Trust model (how access is gated)

Owner-only (Phase 1). A custom UI resolves only for the agent's owner.

Server-side authorization is the boundary. Every host.agents op runs as the authenticated viewer over a same-origin route that authorizes ownership / chat-participation. host-side grants (state.connectedResources) are a UX / defence-in-depth filter, never the sole gate.

Grants are written server-side at install. A sandboxed widget cannot author its own grant.

Secrets never cross. config.get returns non-secret fields only; the agent's provider keys + server tools stay server-side (ADR-v3-12).

The sandbox is the credential boundary.
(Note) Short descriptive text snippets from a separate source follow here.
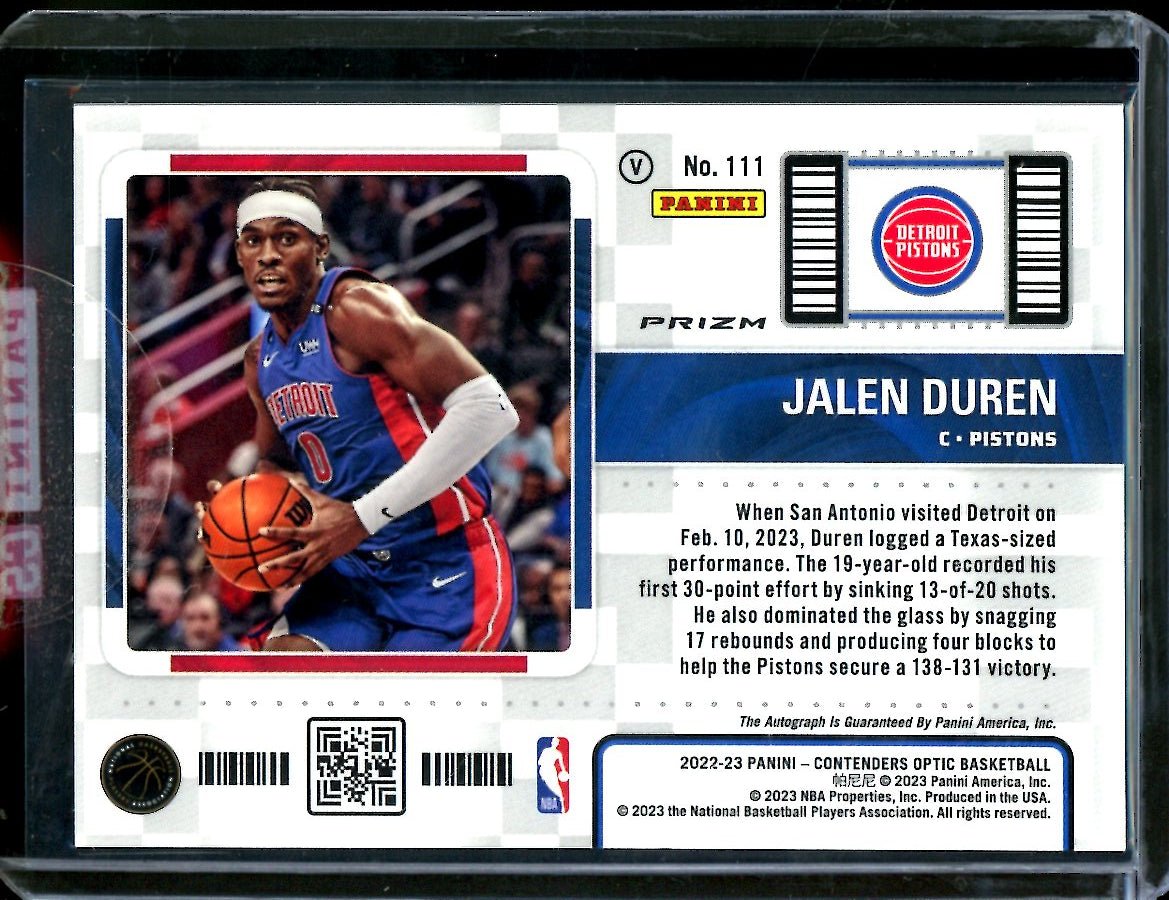 2022/23 Panini Contenders Optic Jalen Duren Rookie Ticket Auto Variation Pistons - Trading Card Market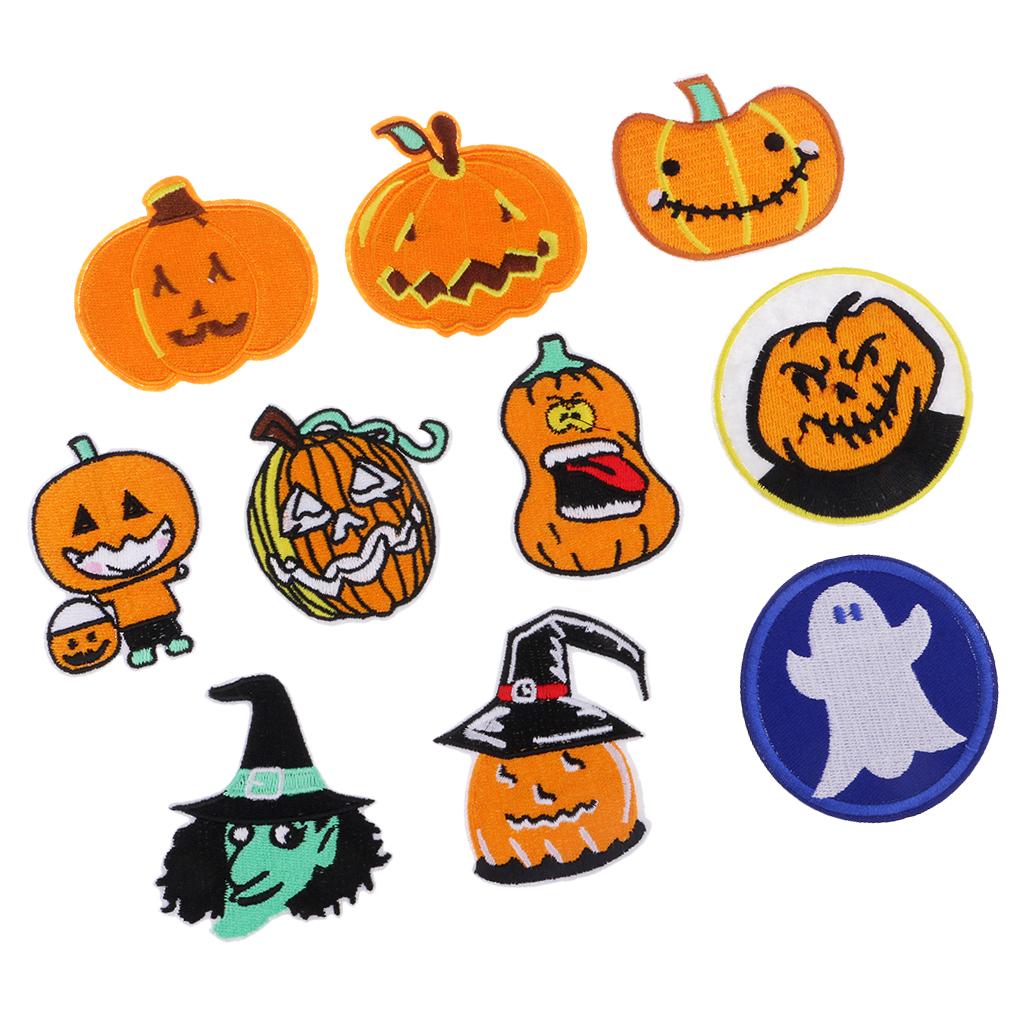 10pcs Cute Halloween Appliques Embroidery Sew Iron on Patches DIY Decor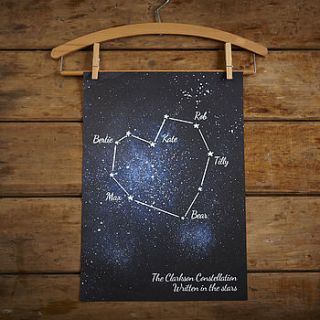 personalised heart constellation print by catherine colebrook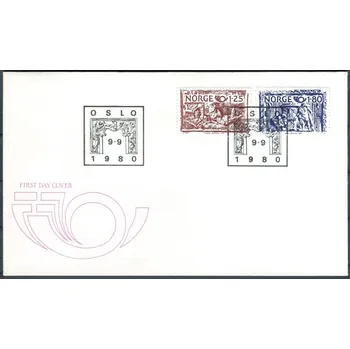 Poštovní známka (1980) FDC - MiNr. 821 - 822 - Norsko - NORDEN: řemeslné zpracování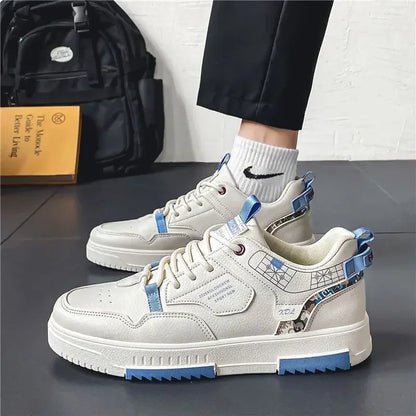 Men's shoes 2025 summer new breathable white shoes men's trendy and versatile thick soled sports board shoes trendy shoes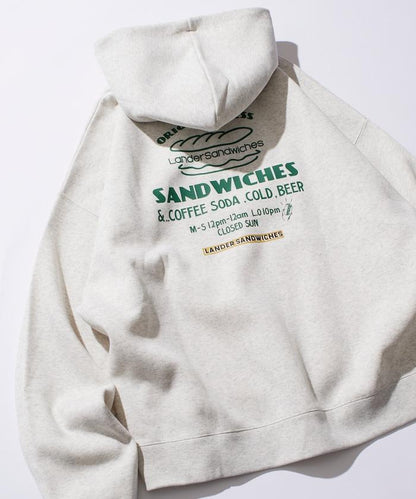 LANDER SANDWICHES×FREAK'S STORE/ランダー 聯名寬鬆版型背面印花衛衣連帽衫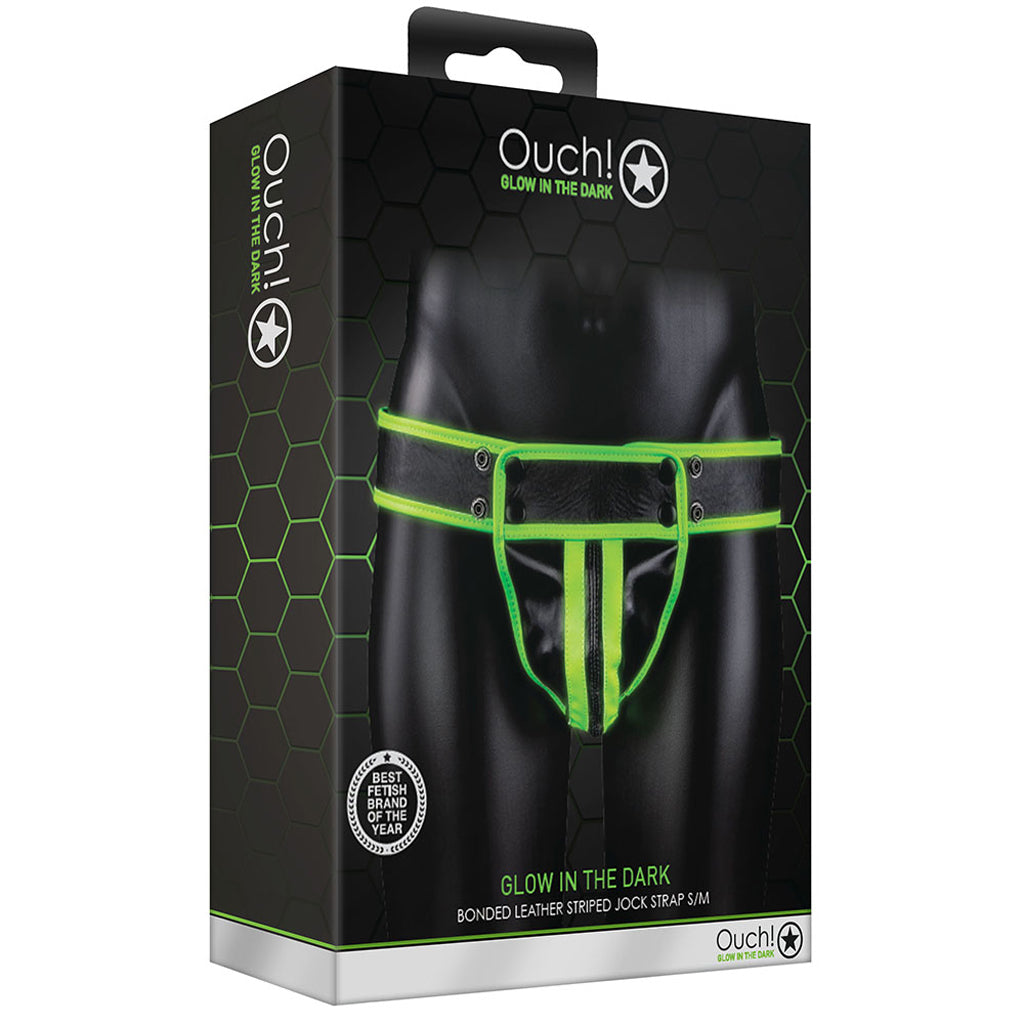 Ouch! Glow In The Dark Striped Pouch Jock Strap /M Bondage and Fetish > Men's Bondage Wear - Tophatter Daily Deals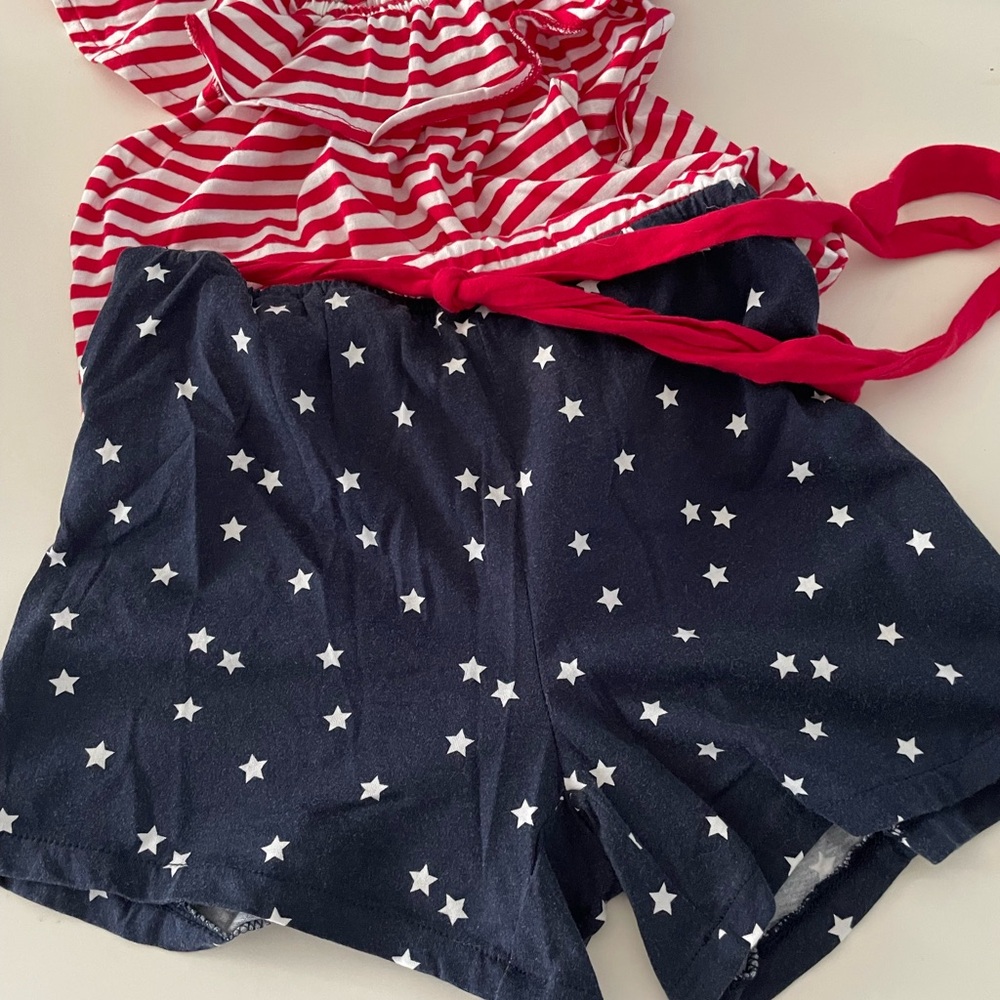 Red and White Striped Ruffle Romper - Picture 2 of 3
The iframe runs allow-scripts on an opaque origin; the bridge holds all cookies/tokens.

The choice lives on the agent config at metadata.ui = { widgetType?, url?, initialKv? }. Set it any of three ways:

the "Agent UI" picker in the agent's settings (select a registry widget or a custom URL);

programmatically (owner) via agent.config.update({ ui: { widgetType: 'voice' } });

a config-editing agent through the factory update_agent tool's ui field.

Clear it (ui: null, or pick "Default" in the picker) to restore the built-in chat. The custom UI renders for the owner whenever metadata.ui is set; featureFlags.customUI === false is an explicit per-agent kill-switch (default on).